On a Mimblewimble blockchain both sender and receiver need to sign for a transaction. So you could interact with the payer to construct a transaction which you as receiver sign last and then you can publish it yourself.
I’m not sure what you think is inefficient about spending microseconds generating a public/private key pair. This is done once per user. You then verify signatures to “accept” payments.
I assume there should be an API to prefill this, making it easier for humans. Could literally just be the unique order ID or a hash thereof.
> I guess you could ask users what addresses they are sending
Why would you need to ask? Isn’t there a captive payment portal API, like with popular wallets eg Metamask?
> I’m not sure what you think is inefficient about spending microseconds generating a public/private key pair.
The problem is not in generation. Firstly, it pollutes the blockchain with single use addresses, though I guess maybe people don’t care. But AFAIK, the website would need to pay fees on a per-wallet-transaction basis when cashing out right? Payments need to pay fees anyway, but cashing out from a single wallet would be cheaper than this mess.
probably? Normally you’d just say “send $5 to xyz” and the user copy-pastes the number and address to their wallet. It’s like sending a wire transfer.
> Firstly, it pollutes the blockchain with single use addresses
UTXO blockchains like Bitcoin were designed with the assumption that each address will only be used for 1 transaction for privacy reasons. There are no per-address fees to cash out. The fees sorta scale with how many UTXOs (incoming transactions) you’re combining to form an outgoing transaction.
So let's say pornhub takes bitcoin (can't check, as I'm in a public place). It still needs a refunds and frauds department for those payments, no?
And pornhub does take credit cards. Yes, the fees are higher. But largely because the chargebacks are more common (spouse finds out, buyer feigns ignorance).
What's SSM in this context?
I don't understand where the issue with refunding crypto should be. It's also way cheaper than what stripe, PayPal or co charges if users issue refunds. Personally I only save money by using crypto, I save thousands of dollars in transaction and chargeback fees every year. For me as merchants it's a non brainer.
I also use crypto as a customer but I usually trust these companies before I send money. The swiss Amazon is accepting crypto for example, as customer I trust them and all customer protections laws apply as well.
Ethereum and it’s many stablecoin tokens, Solana, Polkadot, Tezos, all do not have fixed supply and may be inflationary at times.

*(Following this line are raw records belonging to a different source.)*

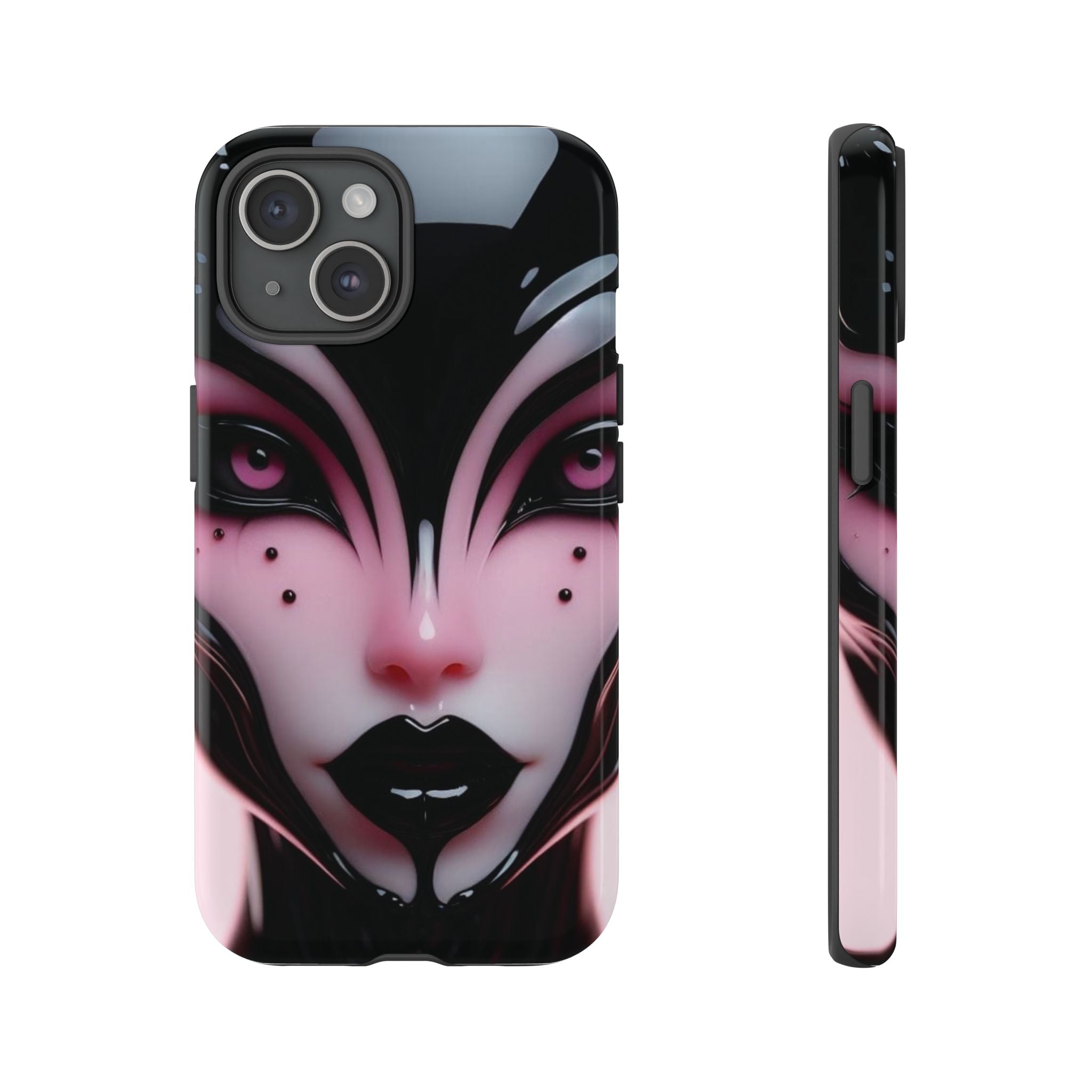 Pink Alien Tough Phone Case for iPhone, Galaxy, or Google Pixel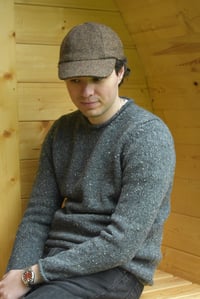 Image 7 of Roll Neck Sweater - Donegal Fleck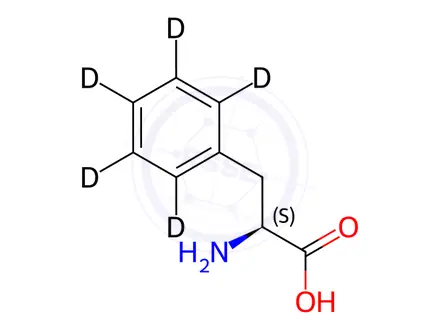 Chemical structure of L-Phenyl-d5-alanine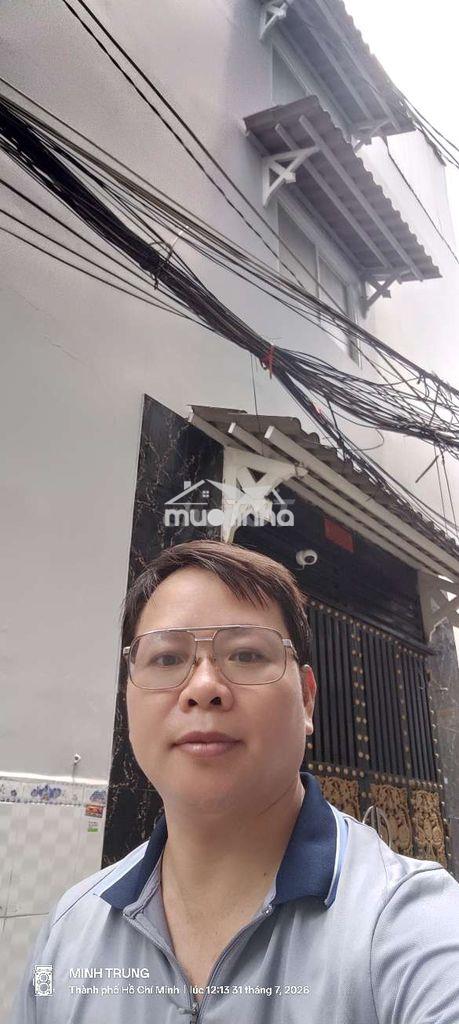 Nhà 3 tầng quận 6, 41mét, hẻm 3m
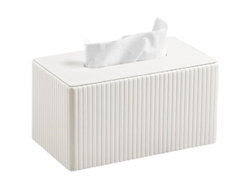 Funda Caja Pañuelos Pu Extragrande, Cierre Magnético, Marfil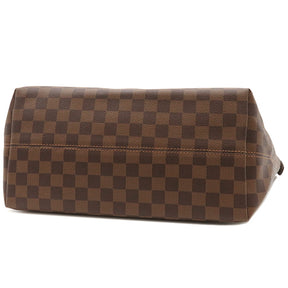 ルイヴィトン LOUIS VUITTON イエナPM N41012 ダミエエベヌ ダミエキャンバス トートバッグ ゴールド金具 茶 ハンドバッグ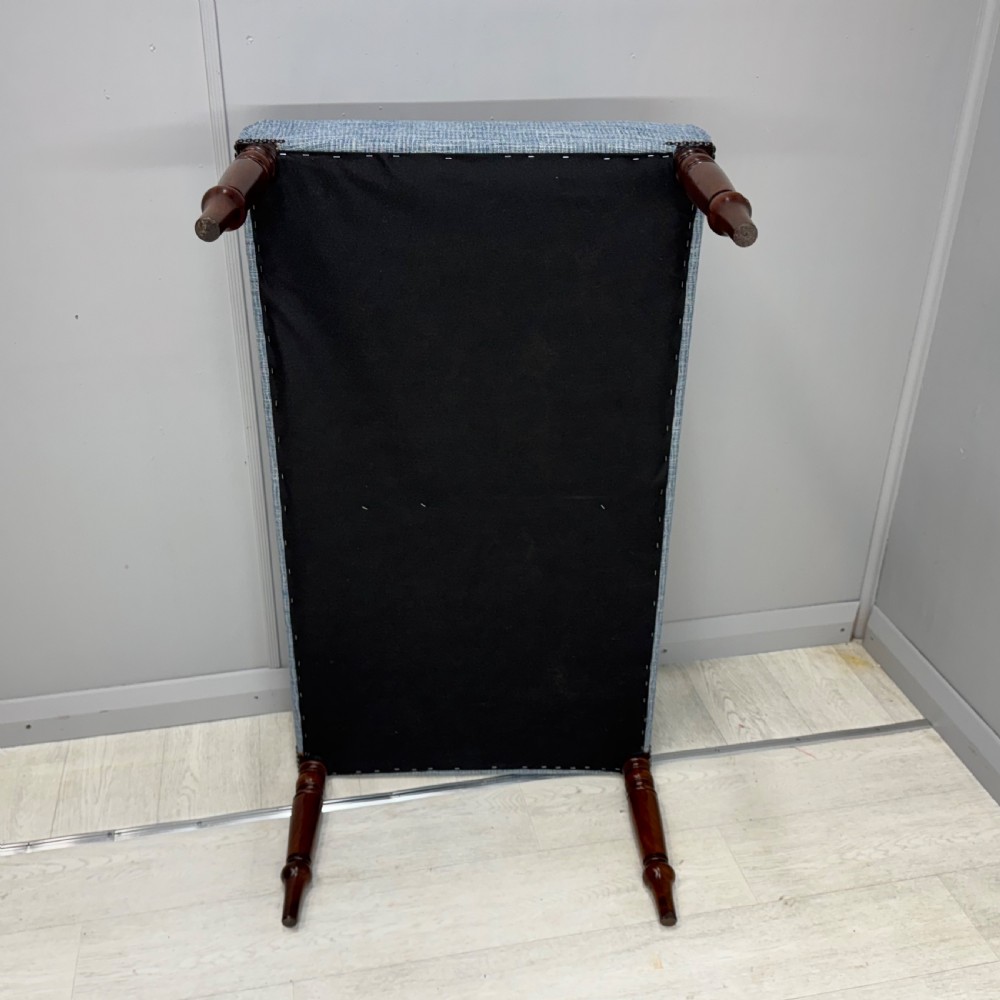Newly upholstered turned leg footstool  View VII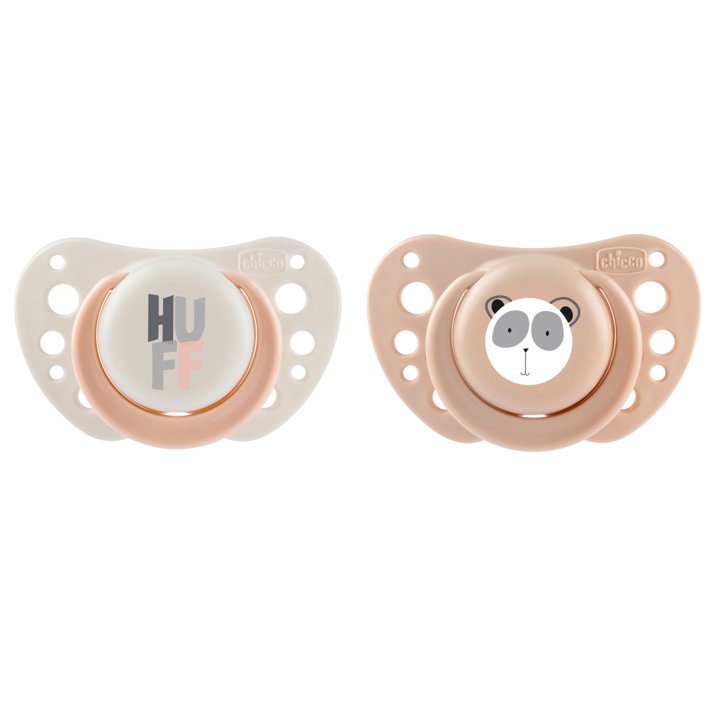 Chicco PhysioForma - Mini chupete de silicona 100% que brilla en la  oscuridad para bebés de 2 a 6 meses, pezón ortodóntico que apoya la  respiración
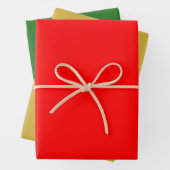 Holiday Green Gold Red Geschenkpapier Set (Beispiel)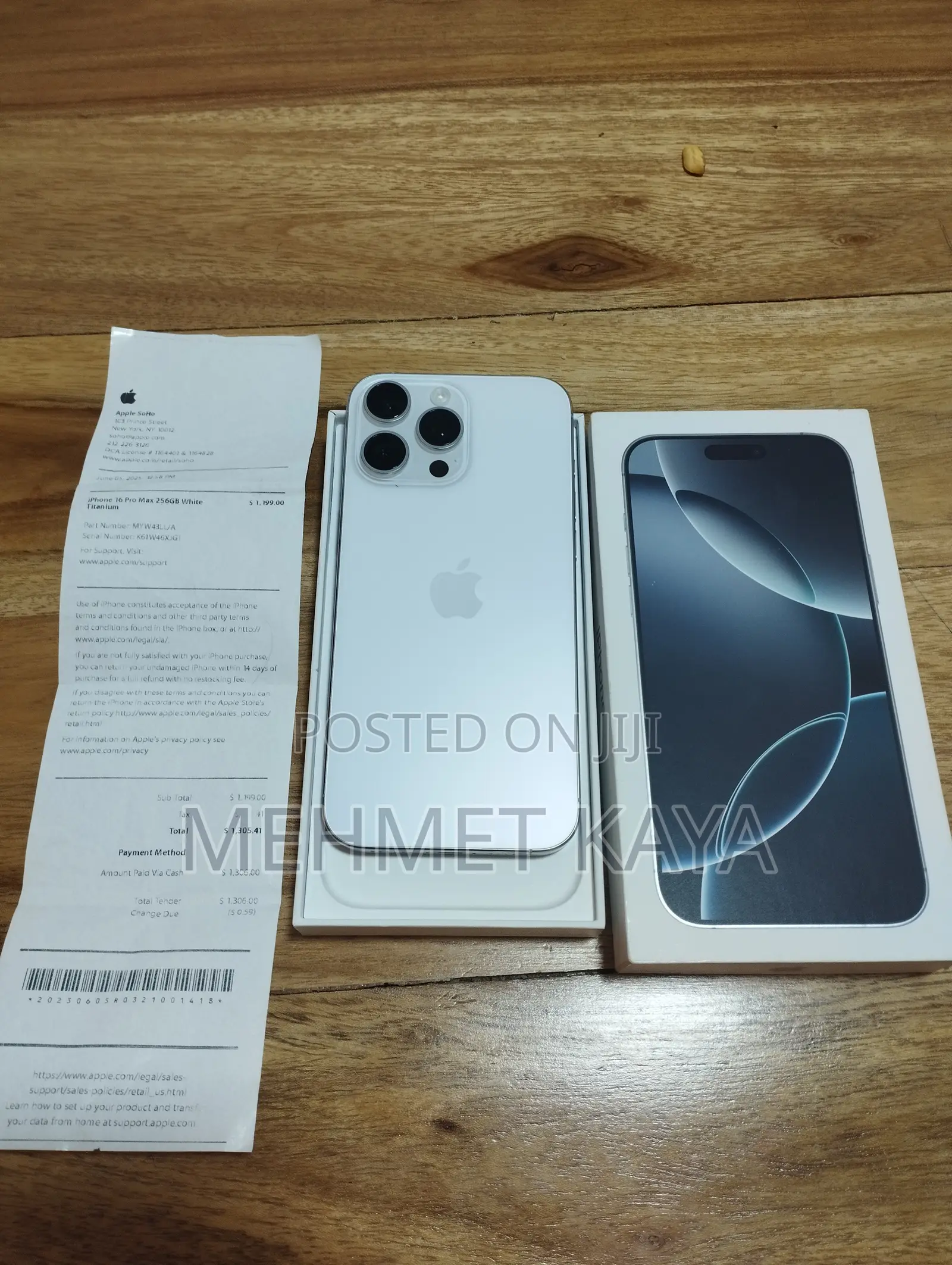 New Apple iPhone 16 Pro Max 256 GB White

Honest question: Have you run that past a lawyer? Chargebacks are partially based in law, so while you could be saving money now, it could be by building up more and more legal liability and risk.
But maybe you'll be fine, because you refund any and all refund requests.
The best "comparison" I can make is this: - I buy random shit online every now and then, also from Amazon. That one souvenir I got for me and a friend was about 40 dollars worth, and I paid with crypto that time. - I buy steam games maybe one every 3 months? So buying that one game with crypto is a small percentage, yes, but also probably the next game I'll get will also be with crypto payment, so it will increase the percentage slowly? - For the service, I have paid maybe 15 dollars for similar services in my life. That one that accepts crypto is also the best one I have found yet, and to that I have paid about 80 dollars so far. So for that, the percentage is up there, and I'll continue paying them that way!
His experience was that basically nobody who asks for it are asking because they are potential customers, but because more sites showing the bitcoin logo means their Bitcoin portfolio goes up because people start believing it's real.
Asking for cryptocurrency options is basically market manipulation, not an actual request.